# The Kelly Criterion: You Don’t Know the Half of It

Despite expending substantial resources on a formal financial education, I did not encounter the Kelly criterion in business school or the CFA curriculum. I came across it almost by accident, in William Poundstone’s delightful book *Fortune’s Formula*.

Created in 1956 by John Kelly, a Bell Labs scientist, the Kelly criterion is a formula for sizing bets or investments from which the investor expects a positive return. It is the only formula I’ve seen that comes with a mathematical proof explaining why it can deliver higher long-term returns than any alternative.

In my view, the formula is consistent with the value investing concept of a margin of safety and leads to concentrated portfolios in which the dominant ideas have the greatest edge and smallest downside.

Despite its relative obscurity and lack of mainstream academic support, the Kelly criterion has attracted some of the best-known investors on the planet, Warren Buffett, Charlie Munger, Mohnish Pabrai, and Bill Gross, among them. While the Kelly formula requires an estimate of the probability distribution of investment outcomes ahead of time, i.e., a crystal ball, its mainstream alternative, Harry Markowitz’s mean/variance optimization, calls for an estimate of the covariance matrix, which for a bottom-up investor, I believe is much more difficult to obtain.

After reading Poundstone’s book, I wanted to apply the Kelly criterion to my own investing. I learn by example and my math is rusty, so I looked for a short, non-technical article about how the formula can work in an equity-like investment.

Unfortunately, most of the sources I found use the wrong formula.

The top article in a Google search for “Kelly calculator equity” presents a simple, stylized investment with a 60% chance of gaining and a 40% chance of losing 20% in each simulation. No other outcomes are possible, and the investment can be repeated across many simulations, or periods.

It’s clearly a good investment, with a positive expectation: E(x) = 60% * 20 + 40% * (-20%) = 4%. But what share of the portfolio should it take up?

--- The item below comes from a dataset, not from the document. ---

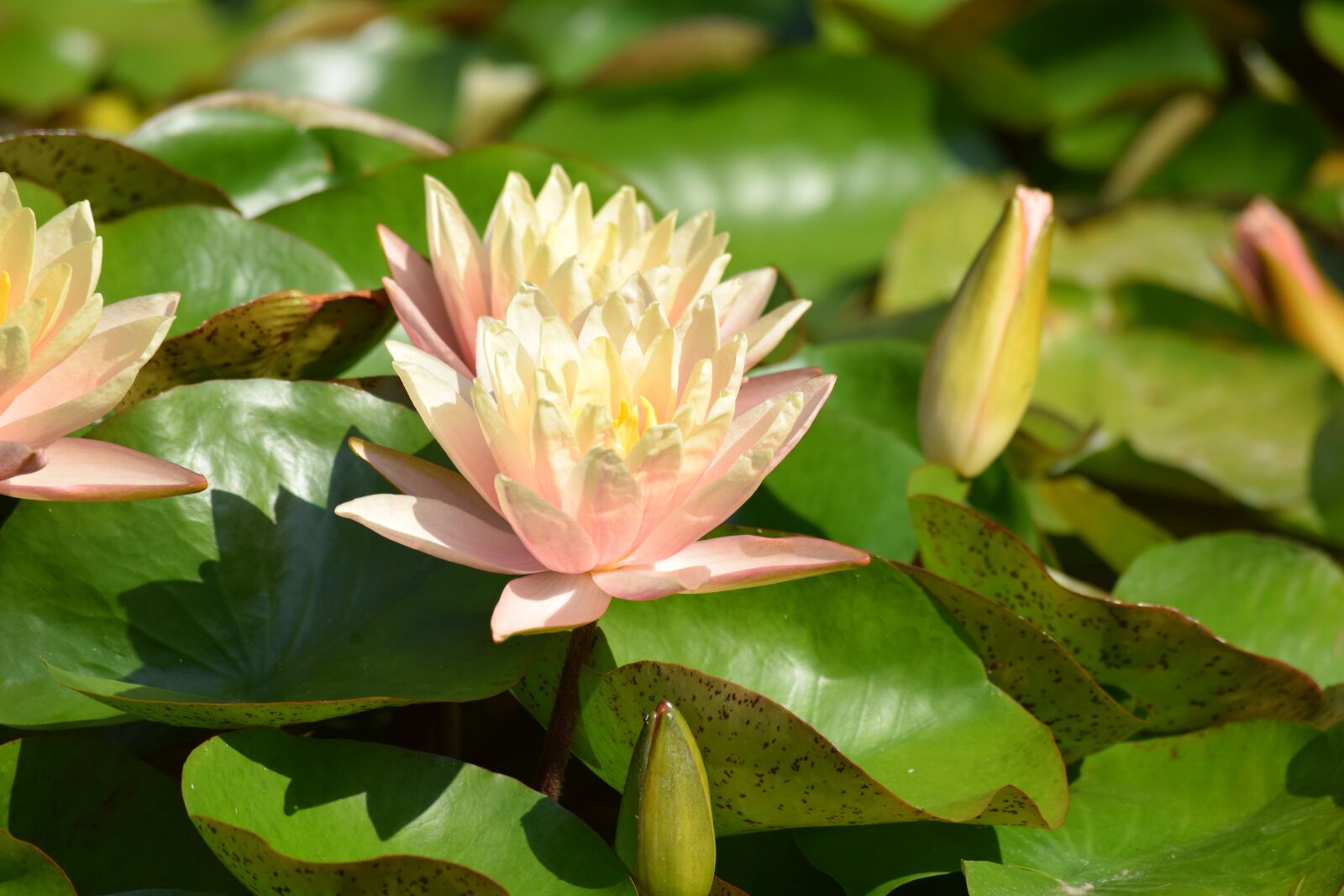 Nikon D3300 sample photo. Vizililiom, water lily, flower photography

Too small an allocation and the portfolio will lose out on growth. Too large and a few unlucky outcomes — even a single one — could depress it beyond recovery or wipe it out altogether. So what percentage allocation, consistently applied, maximizes the portfolio’s potential long-term growth rate?

The article I found and many like it use the formula **Kelly % = W – [(1 – W) / R]**, where W is the win probability and R is the ratio between profit and loss in the scenario.

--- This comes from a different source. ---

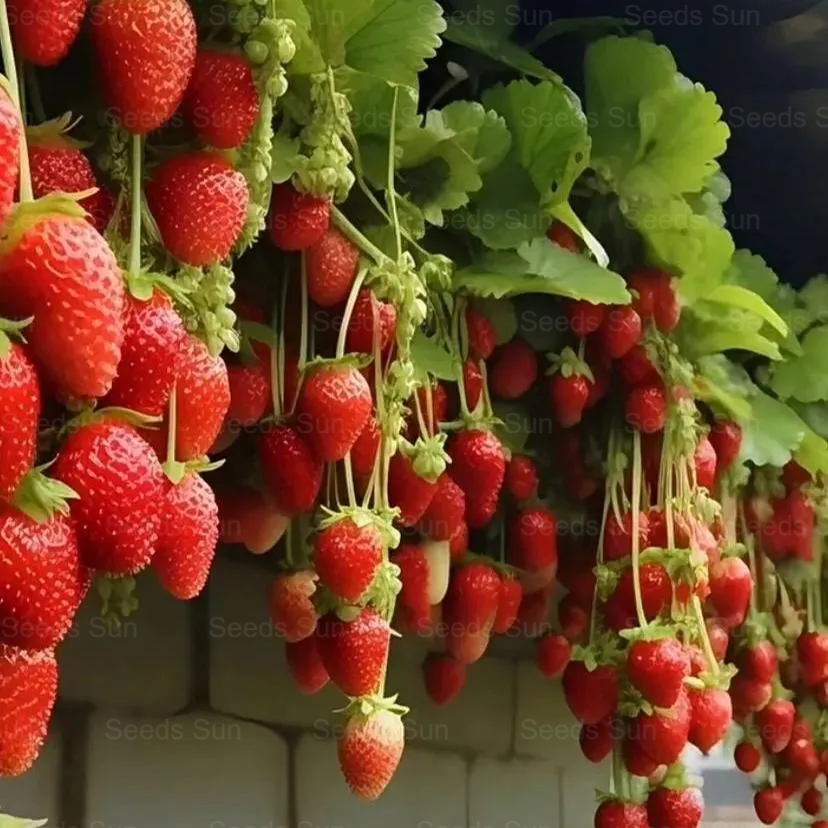 Creamy Strawberry Seeds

For this investment, W is 60% and R is 1 (20%/20%). The loss is expressed as a positive. Plugging in the numbers, the Kelly % = 60% – [(1 – 60%) / (20%/20%)] = 20%. In other words, a 20% allocation to the investment maximizes the portfolio’s potential long-term growth.

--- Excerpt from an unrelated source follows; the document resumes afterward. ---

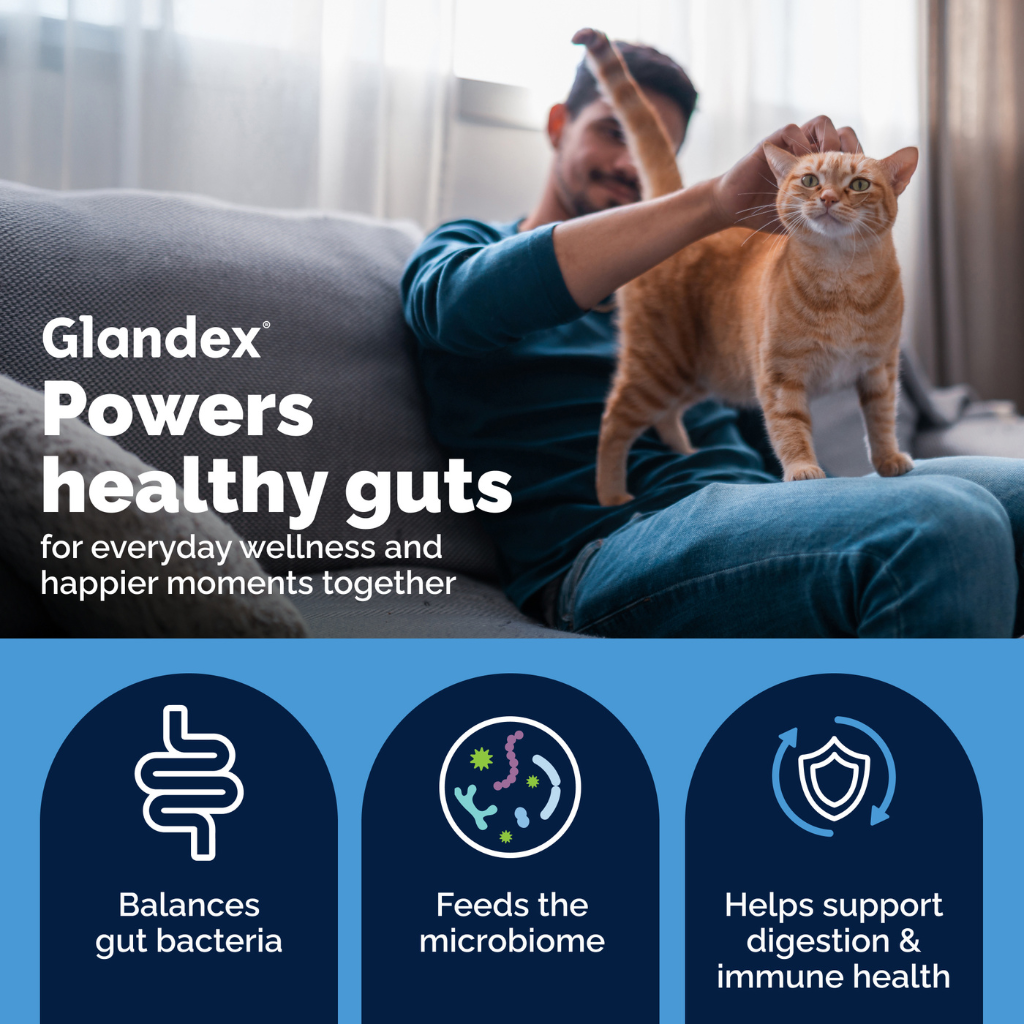 Glandex Daily Prebiotic & Probiotic Powder for Cats, Tuna Flavor, 4 oz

This is simply incorrect. The error is intuitive, empirical, and mathematical. The formula does not account for the magnitude of potential profits and losses (volatility), only their ratio to each other. Indeed, the article does not even list the potential gain or loss. Change the potential profit and loss from 20% each to 200% each, and the investment becomes 10 times more volatile. Yet the ratio R stays the same — 200%/200% = 1 — as does the formula’s resulting 20% optimal allocation.

This does not add up.

Consider a simulation with three different allocation scenarios, all replicating the same investment over and over: Red allocates 20% of the portfolio, as the articles suggests, Blue goes all in at 100%, and Green levers up to 150%. The chart below visualizes how the simulation plays out after 100 rounds.

In the Red, “Kelly optimal” scenario, a 20% allocation earned a relatively puny 2x return. The Blue, all-in option generated a 6.2x return. Green outpaced Blue for a time but a string of losses in the later rounds led to a 3.4x return.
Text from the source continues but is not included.